Neoplasms: non-melanoma skin cancer (basal cell carcinoma and squamous cell carcinoma) (see sections "Pharmacodynamics" and "Special precautions").
Description of selected adverse reactions
Non-melanoma skin cancer: Based on available data from epidemiological studies, an association has been described between cumulative dose of hydrochlorothiazide and NMSC (see sections "Pharmacological properties" and "Special precautions").

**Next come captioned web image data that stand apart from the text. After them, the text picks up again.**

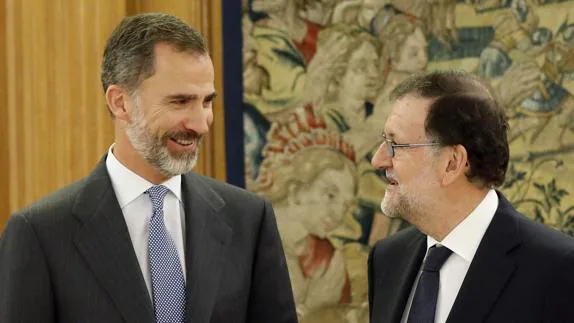 Felipe VI recibe a Mariano Rajoy. 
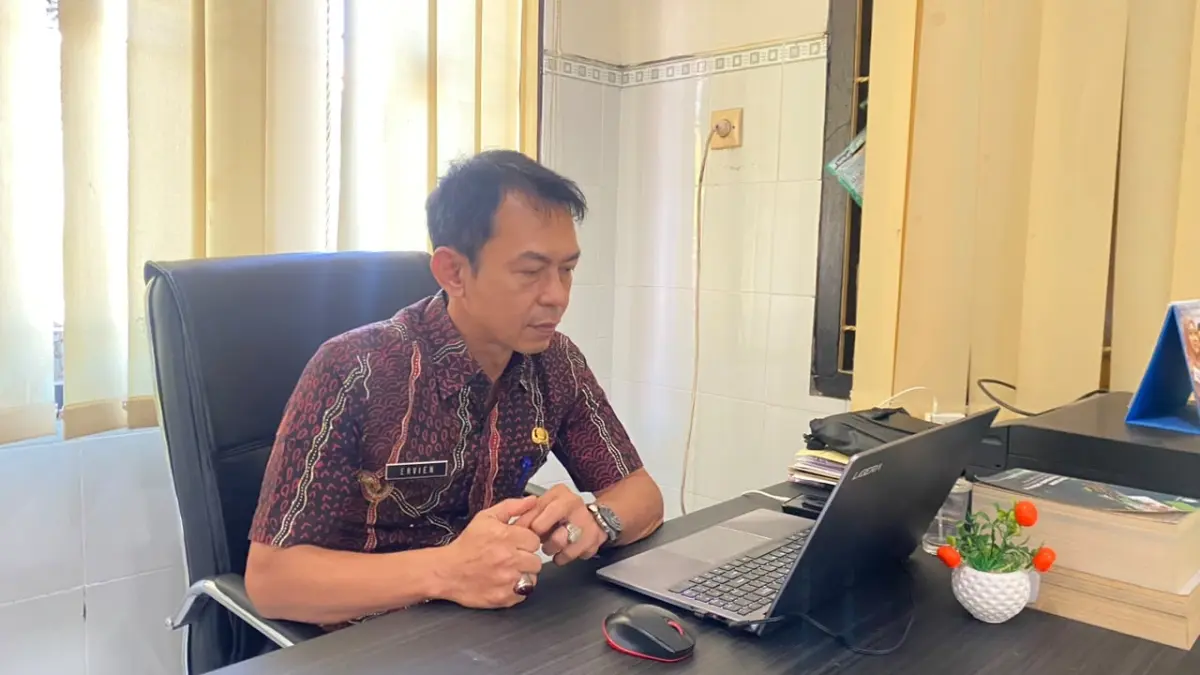 PENDATAAN: Kabid Pelatihan dan Hubungan Industrial Ervien Budi Jatmiko saat ditemui di kantor disnaker, Kamis (25/6).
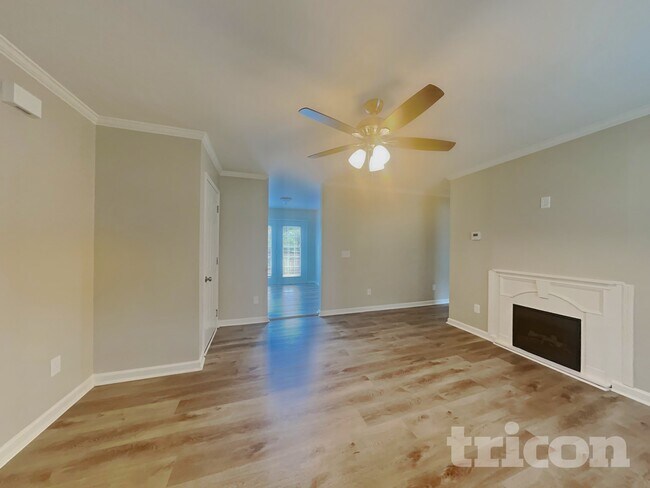 Foto del edificio - 131 Overlook Pl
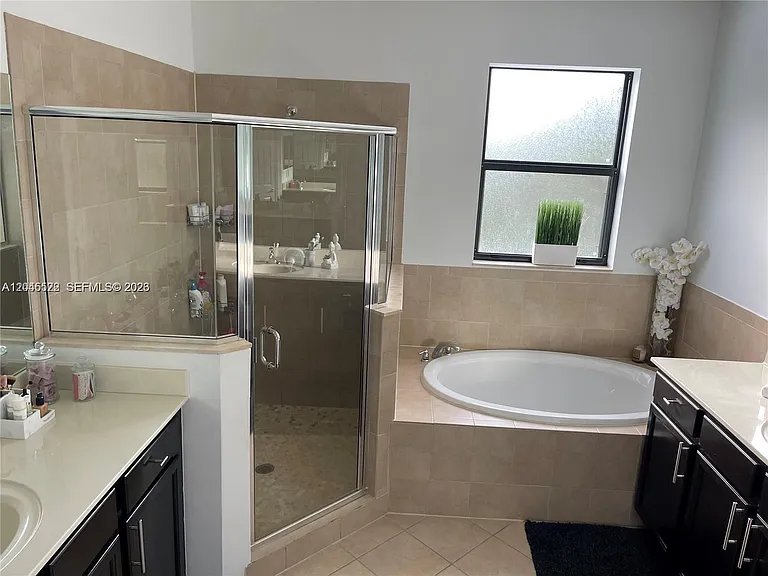 8719 W 33rd Ave — Photo 16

Reporting of possible adverse reactions.
Reporting suspected adverse reactions after drug registration is of great importance. It ensures continuous monitoring of the benefit-risk ratio of the medicinal product. Healthcare professionals are encouraged to report any suspected adverse reactions via the national reporting system.
Shelf life. 3 years.
Storage conditions.
Store in the original packaging at a temperature not exceeding 25 °C.
Keep out of reach of children.
Packaging.
10 tablets in a blister; 1, 2 or 3 blisters per carton.
Prescription status. Prescription only.
Manufacturer.
LLC "ASTRAFARM".
Manufacturer's address and location of business activity.
6, Kyivska Street, Vyshneve, Kyiv-Sviatoshyn District, Kyiv Oblast, 08132, Ukraine.